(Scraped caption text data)

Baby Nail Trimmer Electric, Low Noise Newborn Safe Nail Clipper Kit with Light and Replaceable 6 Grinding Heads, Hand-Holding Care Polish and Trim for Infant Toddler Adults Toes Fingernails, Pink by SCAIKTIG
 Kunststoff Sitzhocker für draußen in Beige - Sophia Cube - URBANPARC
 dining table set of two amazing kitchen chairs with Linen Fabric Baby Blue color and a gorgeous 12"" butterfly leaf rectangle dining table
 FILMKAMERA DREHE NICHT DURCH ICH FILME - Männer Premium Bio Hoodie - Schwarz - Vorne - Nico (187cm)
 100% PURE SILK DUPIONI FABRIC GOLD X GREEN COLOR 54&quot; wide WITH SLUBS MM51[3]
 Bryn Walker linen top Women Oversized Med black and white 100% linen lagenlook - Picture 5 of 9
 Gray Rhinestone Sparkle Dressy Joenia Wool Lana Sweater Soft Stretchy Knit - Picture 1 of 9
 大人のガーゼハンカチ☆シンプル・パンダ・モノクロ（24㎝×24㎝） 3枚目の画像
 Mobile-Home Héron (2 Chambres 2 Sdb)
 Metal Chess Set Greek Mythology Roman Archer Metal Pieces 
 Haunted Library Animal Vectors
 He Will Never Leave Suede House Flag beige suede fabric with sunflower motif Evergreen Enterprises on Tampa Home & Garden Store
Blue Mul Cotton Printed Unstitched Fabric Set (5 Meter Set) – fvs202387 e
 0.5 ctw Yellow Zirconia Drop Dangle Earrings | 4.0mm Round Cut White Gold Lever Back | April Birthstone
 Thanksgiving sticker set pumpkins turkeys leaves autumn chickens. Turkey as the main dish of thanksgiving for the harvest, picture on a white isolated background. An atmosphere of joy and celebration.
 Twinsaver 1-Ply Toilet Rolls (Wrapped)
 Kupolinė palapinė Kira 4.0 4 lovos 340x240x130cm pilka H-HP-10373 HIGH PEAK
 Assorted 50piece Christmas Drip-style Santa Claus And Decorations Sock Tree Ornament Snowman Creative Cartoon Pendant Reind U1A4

### PROBLEM DETAILS
Please print out every entry again, exactly as it reads.

### ANSWER BOX
Baby Nail Trimmer Electric, Low Noise Newborn Safe Nail Clipper Kit with Light and Replaceable 6 Grinding Heads, Hand-Holding Care Polish and Trim for Infant Toddler Adults Toes Fingernails, Pink by SCAIKTIG
 Kunststoff Sitzhocker für draußen in Beige - Sophia Cube - URBANPARC
 dining table set of two amazing kitchen chairs with Linen Fabric Baby Blue color and a gorgeous 12"" butterfly leaf rectangle dining table
 FILMKAMERA DREHE NICHT DURCH ICH FILME - Männer Premium Bio Hoodie - Schwarz - Vorne - Nico (187cm)
 100% PURE SILK DUPIONI FABRIC GOLD X GREEN COLOR 54&quot; wide WITH SLUBS MM51[3]
 Bryn Walker linen top Women Oversized Med black and white 100% linen lagenlook - Picture 5 of 9
 Gray Rhinestone Sparkle Dressy Joenia Wool Lana Sweater Soft Stretchy Knit - Picture 1 of 9
 大人のガーゼハンカチ☆シンプル・パンダ・モノクロ（24㎝×24㎝） 3枚目の画像
 Mobile-Home Héron (2 Chambres 2 Sdb)
 Metal Chess Set Greek Mythology Roman Archer Metal Pieces 
 Haunted Library Animal Vectors
 He Will Never Leave Suede House Flag beige suede fabric with sunflower motif Evergreen Enterprises on Tampa Home & Garden Store
Blue Mul Cotton Printed Unstitched Fabric Set (5 Meter Set) – fvs202387 e
 0.5 ctw Yellow Zirconia Drop Dangle Earrings | 4.0mm Round Cut White Gold Lever Back | April Birthstone
 Thanksgiving sticker set pumpkins turkeys leaves autumn chickens. Turkey as the main dish of thanksgiving for the harvest, picture on a white isolated background. An atmosphere of joy and celebration.
 Twinsaver 1-Ply Toilet Rolls (Wrapped)
 Kupolinė palapinė Kira 4.0 4 lovos 340x240x130cm pilka H-HP-10373 HIGH PEAK
 Assorted 50piece Christmas Drip-style Santa Claus And Decorations Sock Tree Ornament Snowman Creative Cartoon Pendant Reind U1A4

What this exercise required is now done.